Part of John Carey's recent review of Julie Kavanagh's Nureyev: The Life for The Times has sparked a tiny tempest. In struggling to explain why he found Kavanagh's book wanting, Carey writes the following:

It should be a joy to read. So why is it not? The fault lies in [Kavanagh's] subject. Describing ballet in words comes down, essentially, to long, precise accounts of where people put their arms and legs, and this has severe limitations as reading matter. Further, ballet is mindless compared to other arts – as mindless as, say, football – and this restricts what can be written about it. Despite its fusillade of detail and its grand narrative sweep, Kavanagh’s book does not contain, in all its 800 pages, a single idea – not, that is, a single new or interesting thought about the physical or metaphysical universe. It is impossible to imagine the biography of a novelist or a painter or a scientist about which this could be said. But with ballet it is difficult to avoid, and the consequence is, intellectually, a howling wilderness, swept by gales of trivia, scandal and society gossip.
Writer and reviewer John Appleyard posted this on his blog in response:
John Carey says a very odd thing in his review of a biography of Rudolph Nureyev - 'Ballet is mindless compared to other arts - as mindless as, say, football - and this restricts what can be written about it.' It's odd because I don't know what he means by 'mindless'. A great deal of mind goes into football and an incredible amount, some of it quite lucid, can be written about it. Much more mind would seem to go into ballet and much more can be written, most of it very lucid, about it. Perhaps he means ballet provides a more visceral hit than most arts. But that isn't true either. All art has to be, to some extent, visceral to work at all. Perhaps he means ballet is very abstract. But some is and some isn't and, anyway, abstraction is easily written about. I give up. Can somebody tell me what Carey is on about?
To argue that ballet does not require an extraordinary amount of mental effort and constant analysis of technique and performance to achieve even a rudimentary level of proficiency (let alone world-class status) seems like a foolhardy proposition. So let's assume Carey doesn't mean that.

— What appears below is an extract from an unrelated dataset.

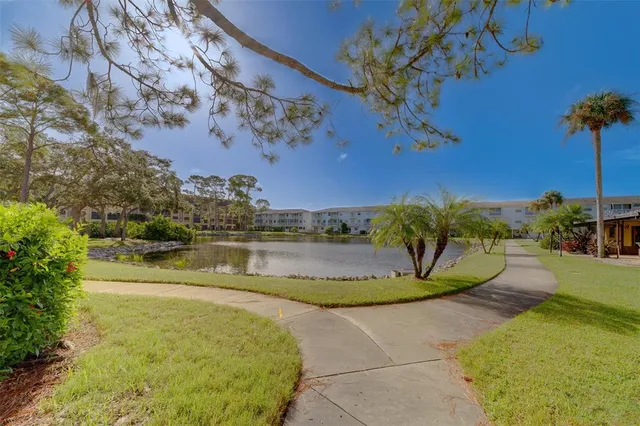 $299,999 | 5849 Park Street North, Unit 404, St. Petersburg, FL 33709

Setting that aside, then, it seems to me that the crux of Carey's point is this comment:
Kavanagh’s book does not contain, in all its 800 pages, a single idea – not, that is, a single new or interesting thought about the physical or metaphysical universe. It is impossible to imagine the biography of a novelist or a painter or a scientist about which this could be said.
Not to defend Kavanagh's writing (I haven't read her book, yet), but is not the idea that Nureyev's life embodies—the idea that excellence and transcendence can only be achieved through total devotion to one's art, despite the consequences to one's personality and personal relationships—an interesting thought? It worked for Faust.

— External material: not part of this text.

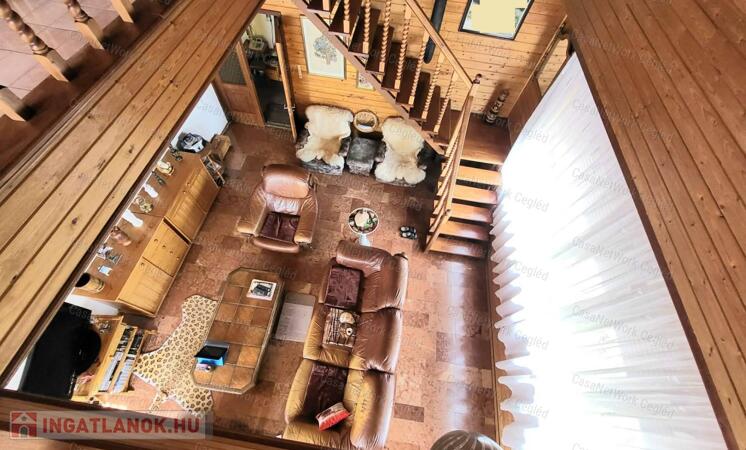 Újszász központjában kiváló helyen remek családi ház eladó!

Thanks to Brendan McCarthy for links and commentary.



LATE ADDITION:

Carey is not alone in his thoughts about the "mindlessness" of ballet. Just spotted this in Joan Acocella' review in The New Yorker:
It seems to me, for example, that there was a connection between Nureyev’s lack of moral feeling and the general unintelligence of his work—both his performances and his productions. And just as he had an entourage of yes-men, or yes-women, standing between him and the world, so there was a huge cliché machine surrounding him, an endless flow of effusions about how he was a lion, a tiger, a wild thing. Nureyev, and the “Nureyev phenomenon,” did not appeal to our higher instincts.
Acocella, at least, seems to confine the "mindless" judgments to the work of Nureyev alone, and not to all ballet.